Finding the rate of heat transfer

[J-Girl]

Hi there, I have this complicated question and I am not sure that I am converting everything corectly. The question is:
"For conduction, the rate of heat transfer is given by $\Delta$Q/$\Delta$t=-kA($\Delta$T/$\Delta$x)

Data given is:

k=806 W.m^-1.K^-1
A=2.53m^2
$\Delta$T=-54.6$^{}$0C
$\Delta$x=5.50x10^-3m

"calculate the rate of energy transfer $\Delta$Q/$\Delta$t, and give its correct S.I unit

I just substituted all of the data into the equation, but didnt know if I had to convert meters^2 into meters?
so this is what I had:
$\Delta$Q/$\Delta$t= -(806)(2.53)[(-54.6)/(5.50x10^-3)]
and my answer was 20243496=2.02 x 10^7 W.m^2.K-1(J.s^-1.m^-2.K^-1)- is there a simple unit name for the answer?

 

[cepheid]

Hi there, I have this complicated question and I am not sure that I am converting everything corectly.

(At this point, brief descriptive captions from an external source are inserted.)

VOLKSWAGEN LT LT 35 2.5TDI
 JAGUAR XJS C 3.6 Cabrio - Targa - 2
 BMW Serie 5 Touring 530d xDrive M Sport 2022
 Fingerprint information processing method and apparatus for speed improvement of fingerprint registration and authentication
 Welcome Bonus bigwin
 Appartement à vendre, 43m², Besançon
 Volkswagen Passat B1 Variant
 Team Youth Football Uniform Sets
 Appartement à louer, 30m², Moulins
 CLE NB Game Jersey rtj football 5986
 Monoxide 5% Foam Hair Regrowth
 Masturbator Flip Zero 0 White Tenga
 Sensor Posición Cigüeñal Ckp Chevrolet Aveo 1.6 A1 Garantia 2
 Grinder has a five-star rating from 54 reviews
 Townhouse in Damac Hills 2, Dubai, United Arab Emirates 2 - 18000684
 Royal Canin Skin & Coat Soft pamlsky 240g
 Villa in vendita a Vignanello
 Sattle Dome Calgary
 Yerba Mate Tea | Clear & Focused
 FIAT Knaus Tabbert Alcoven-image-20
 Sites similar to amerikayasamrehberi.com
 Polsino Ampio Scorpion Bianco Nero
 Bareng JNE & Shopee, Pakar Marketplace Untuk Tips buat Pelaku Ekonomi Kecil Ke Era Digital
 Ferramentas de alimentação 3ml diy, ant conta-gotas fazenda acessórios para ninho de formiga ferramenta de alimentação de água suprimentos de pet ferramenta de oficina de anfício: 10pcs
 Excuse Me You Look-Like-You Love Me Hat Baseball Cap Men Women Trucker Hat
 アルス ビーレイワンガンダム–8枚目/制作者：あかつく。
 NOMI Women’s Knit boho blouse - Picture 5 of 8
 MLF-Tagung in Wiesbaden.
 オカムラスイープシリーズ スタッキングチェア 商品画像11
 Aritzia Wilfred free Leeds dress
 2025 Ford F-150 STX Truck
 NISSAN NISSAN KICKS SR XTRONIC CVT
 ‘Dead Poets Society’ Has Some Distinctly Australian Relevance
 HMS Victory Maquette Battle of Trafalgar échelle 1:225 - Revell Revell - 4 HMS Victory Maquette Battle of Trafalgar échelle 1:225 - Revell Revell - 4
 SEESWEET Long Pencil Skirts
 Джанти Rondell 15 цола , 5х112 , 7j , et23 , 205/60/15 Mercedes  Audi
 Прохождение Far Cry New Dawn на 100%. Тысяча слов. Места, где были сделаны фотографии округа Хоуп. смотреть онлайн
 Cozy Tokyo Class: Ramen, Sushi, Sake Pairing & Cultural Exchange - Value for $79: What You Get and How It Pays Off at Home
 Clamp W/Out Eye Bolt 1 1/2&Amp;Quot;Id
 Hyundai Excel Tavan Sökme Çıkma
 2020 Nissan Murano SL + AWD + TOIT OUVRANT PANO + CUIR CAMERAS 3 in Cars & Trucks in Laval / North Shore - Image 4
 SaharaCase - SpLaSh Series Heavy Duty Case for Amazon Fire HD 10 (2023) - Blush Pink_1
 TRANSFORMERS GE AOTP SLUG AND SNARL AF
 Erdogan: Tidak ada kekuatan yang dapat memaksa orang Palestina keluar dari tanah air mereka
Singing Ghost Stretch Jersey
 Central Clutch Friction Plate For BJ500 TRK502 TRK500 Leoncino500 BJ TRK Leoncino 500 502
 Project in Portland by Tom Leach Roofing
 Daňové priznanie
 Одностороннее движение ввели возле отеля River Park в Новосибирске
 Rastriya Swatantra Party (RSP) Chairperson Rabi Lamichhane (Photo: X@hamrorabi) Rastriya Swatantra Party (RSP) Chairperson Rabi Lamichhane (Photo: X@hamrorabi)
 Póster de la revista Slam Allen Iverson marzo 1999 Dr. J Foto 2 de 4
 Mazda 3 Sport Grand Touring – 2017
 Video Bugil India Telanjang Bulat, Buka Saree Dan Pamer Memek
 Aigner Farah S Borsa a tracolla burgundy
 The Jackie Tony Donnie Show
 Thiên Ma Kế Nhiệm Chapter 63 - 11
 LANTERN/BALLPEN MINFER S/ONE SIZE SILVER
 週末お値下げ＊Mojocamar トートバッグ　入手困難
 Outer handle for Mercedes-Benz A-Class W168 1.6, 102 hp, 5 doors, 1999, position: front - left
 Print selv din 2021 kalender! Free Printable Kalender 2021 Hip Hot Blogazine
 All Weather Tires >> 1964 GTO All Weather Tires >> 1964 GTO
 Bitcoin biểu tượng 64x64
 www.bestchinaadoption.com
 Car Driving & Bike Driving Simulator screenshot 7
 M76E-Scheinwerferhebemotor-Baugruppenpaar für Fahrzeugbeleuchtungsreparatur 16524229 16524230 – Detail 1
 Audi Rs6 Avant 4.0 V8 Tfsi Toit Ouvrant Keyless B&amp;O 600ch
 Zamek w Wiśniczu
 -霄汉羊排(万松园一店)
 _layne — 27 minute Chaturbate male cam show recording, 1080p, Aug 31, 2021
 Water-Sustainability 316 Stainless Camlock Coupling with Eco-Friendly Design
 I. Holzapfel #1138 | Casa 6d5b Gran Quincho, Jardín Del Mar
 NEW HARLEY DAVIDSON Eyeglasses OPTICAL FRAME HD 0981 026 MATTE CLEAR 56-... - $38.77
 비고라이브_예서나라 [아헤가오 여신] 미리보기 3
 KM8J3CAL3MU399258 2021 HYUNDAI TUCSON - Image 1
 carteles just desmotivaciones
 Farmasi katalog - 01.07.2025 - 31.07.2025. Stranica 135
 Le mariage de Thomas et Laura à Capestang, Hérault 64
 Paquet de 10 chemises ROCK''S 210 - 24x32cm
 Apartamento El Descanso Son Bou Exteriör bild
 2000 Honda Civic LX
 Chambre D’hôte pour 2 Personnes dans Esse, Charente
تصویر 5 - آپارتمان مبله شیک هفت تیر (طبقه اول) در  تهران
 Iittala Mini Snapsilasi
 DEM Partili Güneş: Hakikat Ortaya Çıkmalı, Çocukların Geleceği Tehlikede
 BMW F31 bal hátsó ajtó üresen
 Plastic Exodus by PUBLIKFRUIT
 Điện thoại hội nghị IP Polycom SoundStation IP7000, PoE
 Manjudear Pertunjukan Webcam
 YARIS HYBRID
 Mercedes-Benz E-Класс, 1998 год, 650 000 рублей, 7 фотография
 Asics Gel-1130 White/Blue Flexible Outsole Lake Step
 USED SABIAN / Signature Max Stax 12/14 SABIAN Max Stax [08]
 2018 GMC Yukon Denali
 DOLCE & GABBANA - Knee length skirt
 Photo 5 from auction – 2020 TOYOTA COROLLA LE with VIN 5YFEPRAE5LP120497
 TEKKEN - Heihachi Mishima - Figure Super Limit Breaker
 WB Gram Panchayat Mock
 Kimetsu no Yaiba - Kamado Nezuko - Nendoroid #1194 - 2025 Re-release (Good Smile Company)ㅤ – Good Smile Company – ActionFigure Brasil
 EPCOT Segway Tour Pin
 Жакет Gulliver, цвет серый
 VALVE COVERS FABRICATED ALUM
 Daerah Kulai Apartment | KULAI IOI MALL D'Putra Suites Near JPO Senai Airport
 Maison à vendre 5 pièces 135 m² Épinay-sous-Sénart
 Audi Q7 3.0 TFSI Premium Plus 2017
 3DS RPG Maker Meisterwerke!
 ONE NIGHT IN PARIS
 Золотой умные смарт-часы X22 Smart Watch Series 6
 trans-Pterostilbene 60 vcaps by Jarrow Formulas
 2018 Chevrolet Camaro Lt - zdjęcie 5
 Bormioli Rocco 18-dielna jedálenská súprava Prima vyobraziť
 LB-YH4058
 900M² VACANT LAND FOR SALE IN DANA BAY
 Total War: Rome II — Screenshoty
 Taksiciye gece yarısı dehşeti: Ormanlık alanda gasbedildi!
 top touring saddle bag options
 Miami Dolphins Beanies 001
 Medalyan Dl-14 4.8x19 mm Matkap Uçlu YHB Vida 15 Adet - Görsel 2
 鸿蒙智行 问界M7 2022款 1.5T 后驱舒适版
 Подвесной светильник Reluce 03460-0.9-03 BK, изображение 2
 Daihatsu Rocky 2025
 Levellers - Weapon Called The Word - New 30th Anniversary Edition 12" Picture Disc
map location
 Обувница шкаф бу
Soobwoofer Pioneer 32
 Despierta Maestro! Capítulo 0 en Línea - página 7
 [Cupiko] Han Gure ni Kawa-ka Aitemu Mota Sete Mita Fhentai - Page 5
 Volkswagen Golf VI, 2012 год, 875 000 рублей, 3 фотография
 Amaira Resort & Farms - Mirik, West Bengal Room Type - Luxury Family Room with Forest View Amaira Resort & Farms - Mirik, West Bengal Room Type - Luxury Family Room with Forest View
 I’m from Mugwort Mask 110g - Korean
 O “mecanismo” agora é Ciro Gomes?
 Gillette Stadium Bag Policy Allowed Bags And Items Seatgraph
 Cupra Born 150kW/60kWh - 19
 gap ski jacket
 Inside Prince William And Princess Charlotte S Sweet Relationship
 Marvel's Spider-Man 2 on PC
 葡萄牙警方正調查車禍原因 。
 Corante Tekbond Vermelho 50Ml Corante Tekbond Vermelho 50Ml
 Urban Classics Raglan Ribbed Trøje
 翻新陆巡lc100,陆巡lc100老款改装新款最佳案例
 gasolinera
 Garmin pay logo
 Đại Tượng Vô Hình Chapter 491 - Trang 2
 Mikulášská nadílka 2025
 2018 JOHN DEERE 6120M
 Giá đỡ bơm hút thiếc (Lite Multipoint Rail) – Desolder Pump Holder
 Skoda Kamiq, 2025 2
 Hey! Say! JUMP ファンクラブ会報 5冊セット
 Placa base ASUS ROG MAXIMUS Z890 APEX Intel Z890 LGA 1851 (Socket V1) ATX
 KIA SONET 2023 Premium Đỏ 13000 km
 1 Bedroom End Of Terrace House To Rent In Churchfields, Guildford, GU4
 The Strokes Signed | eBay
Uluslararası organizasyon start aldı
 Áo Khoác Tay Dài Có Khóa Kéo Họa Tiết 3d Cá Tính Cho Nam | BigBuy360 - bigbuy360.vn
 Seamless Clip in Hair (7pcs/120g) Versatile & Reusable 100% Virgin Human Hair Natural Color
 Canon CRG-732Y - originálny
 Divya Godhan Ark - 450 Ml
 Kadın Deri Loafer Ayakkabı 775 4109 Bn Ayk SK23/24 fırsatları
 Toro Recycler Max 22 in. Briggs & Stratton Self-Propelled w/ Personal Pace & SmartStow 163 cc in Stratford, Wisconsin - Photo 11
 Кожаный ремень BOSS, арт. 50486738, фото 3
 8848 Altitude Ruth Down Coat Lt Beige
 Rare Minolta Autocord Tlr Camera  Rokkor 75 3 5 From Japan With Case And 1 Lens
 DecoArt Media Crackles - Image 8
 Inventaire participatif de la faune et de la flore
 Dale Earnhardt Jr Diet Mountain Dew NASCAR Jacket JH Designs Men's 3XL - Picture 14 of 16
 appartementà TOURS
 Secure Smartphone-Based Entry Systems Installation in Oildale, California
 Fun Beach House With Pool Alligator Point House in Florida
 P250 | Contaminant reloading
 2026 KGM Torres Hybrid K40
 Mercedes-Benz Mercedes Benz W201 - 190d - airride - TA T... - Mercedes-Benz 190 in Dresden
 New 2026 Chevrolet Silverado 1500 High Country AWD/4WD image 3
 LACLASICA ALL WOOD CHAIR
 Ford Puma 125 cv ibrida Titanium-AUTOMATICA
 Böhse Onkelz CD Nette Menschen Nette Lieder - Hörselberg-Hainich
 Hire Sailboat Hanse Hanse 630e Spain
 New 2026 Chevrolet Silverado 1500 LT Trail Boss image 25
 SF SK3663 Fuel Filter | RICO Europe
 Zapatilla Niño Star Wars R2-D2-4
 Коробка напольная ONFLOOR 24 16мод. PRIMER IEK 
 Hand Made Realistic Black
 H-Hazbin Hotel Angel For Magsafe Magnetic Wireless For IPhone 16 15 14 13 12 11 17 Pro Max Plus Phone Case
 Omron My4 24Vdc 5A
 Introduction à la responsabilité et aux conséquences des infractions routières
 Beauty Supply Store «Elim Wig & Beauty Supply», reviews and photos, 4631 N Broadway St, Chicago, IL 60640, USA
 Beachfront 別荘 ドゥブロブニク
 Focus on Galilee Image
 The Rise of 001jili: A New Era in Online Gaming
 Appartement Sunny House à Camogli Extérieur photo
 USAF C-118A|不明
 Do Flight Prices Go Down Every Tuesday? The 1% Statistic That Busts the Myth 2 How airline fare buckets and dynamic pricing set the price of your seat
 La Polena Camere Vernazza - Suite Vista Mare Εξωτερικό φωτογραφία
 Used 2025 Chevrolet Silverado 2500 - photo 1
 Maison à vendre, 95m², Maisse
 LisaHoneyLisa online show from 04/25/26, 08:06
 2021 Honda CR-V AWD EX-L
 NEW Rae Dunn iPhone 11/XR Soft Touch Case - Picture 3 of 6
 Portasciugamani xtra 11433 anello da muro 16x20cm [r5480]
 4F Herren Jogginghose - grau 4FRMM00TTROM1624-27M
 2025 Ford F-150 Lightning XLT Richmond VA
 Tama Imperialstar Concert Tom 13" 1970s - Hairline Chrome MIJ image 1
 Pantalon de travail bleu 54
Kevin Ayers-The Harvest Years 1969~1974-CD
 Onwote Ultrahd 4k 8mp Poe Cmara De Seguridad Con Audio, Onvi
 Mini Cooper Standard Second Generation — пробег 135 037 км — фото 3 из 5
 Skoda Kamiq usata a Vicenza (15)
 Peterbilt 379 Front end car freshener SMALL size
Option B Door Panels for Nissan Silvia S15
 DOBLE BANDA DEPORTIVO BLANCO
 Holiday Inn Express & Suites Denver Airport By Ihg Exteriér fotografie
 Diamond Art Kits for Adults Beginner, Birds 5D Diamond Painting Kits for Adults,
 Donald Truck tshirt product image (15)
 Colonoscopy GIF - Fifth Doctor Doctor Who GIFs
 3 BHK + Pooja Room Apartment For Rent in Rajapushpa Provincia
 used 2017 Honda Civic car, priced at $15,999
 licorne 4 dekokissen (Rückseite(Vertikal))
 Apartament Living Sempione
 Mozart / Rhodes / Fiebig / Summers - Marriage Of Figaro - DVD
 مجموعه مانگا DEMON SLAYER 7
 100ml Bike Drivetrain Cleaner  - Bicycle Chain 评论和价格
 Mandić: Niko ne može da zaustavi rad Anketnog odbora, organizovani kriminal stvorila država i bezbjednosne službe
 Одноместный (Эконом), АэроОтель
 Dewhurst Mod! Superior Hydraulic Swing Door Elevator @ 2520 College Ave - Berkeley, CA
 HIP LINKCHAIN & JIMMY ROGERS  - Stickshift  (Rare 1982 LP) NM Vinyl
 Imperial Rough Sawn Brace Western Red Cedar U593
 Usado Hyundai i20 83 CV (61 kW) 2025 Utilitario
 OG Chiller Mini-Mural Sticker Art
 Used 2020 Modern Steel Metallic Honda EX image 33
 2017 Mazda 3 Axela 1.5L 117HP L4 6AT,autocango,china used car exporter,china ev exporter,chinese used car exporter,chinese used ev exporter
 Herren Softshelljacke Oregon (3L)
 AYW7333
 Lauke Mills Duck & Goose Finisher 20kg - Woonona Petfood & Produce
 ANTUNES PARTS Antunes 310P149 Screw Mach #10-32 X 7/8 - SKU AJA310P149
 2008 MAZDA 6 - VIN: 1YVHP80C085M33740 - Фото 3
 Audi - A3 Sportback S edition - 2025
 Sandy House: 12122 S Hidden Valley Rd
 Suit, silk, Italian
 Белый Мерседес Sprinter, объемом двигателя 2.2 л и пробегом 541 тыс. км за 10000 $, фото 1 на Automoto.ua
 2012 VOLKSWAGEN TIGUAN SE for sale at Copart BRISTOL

The question is:
"For conduction, the rate of heat transfer is given by $\Delta$Q/$\Delta$t=-kA($\Delta$T/$\Delta$x)

Data given is:

k=806 W.m^-1.K^-1
A=2.53m^2
$\Delta$T=-54.6$^{}$0C
$\Delta$x=5.50x10^-3m

"calculate the rate of energy transfer $\Delta$Q/$\Delta$t, and give its correct S.I unit

I just substituted all of the data into the equation, but didnt know if I had to convert meters^2 into meters?
so this is what I had:
$\Delta$Q/$\Delta$t= -(806)(2.53)[(-54.6)/(5.50x10^-3)]
and my answer was 20243496=2.02 x 10^7 W.m^2.K-1(J.s^-1.m^-2.K^-1)- is there a simple unit name for the answer?

You cannot convert m^2 into m, this is nonsensical.

As for the final answer, you should end up with something that has dimensions of power (i.e. energy/time). This is clear from looking at the left-hand side: delta Q/delta t. Therefore, your answer should just have units of watts, and if it doesn't, then you've made a mistake.

 

[J-Girl]

oh okay thanks:) but in the working out, is everything right? I mean, converted correctly to get a number of 2.02 x 10^7 ?

 

[Sri_Govind]

Let us look at the dimensions of the right hand side of your equation

the thermal conductivity K has the units of W/mK

A is the area available for heat transfer and thus has a unit of m^2

dT/dX has the unit of K/m

so in all, the RHS has the units of W (Joules/Second)

the LHS must also have the same dimension !

 

[Sri_Govind]

As a followup, your substitutions seem to be OK, just that your units do not match up

 

[cepheid]

Sri_Govind: this thread is 10 months old, and it is highly unlikely that the OP will check it any longer. Resurrecting dead threads for no reason (called "necro-posting") is strongly frowned upon. Don't do it.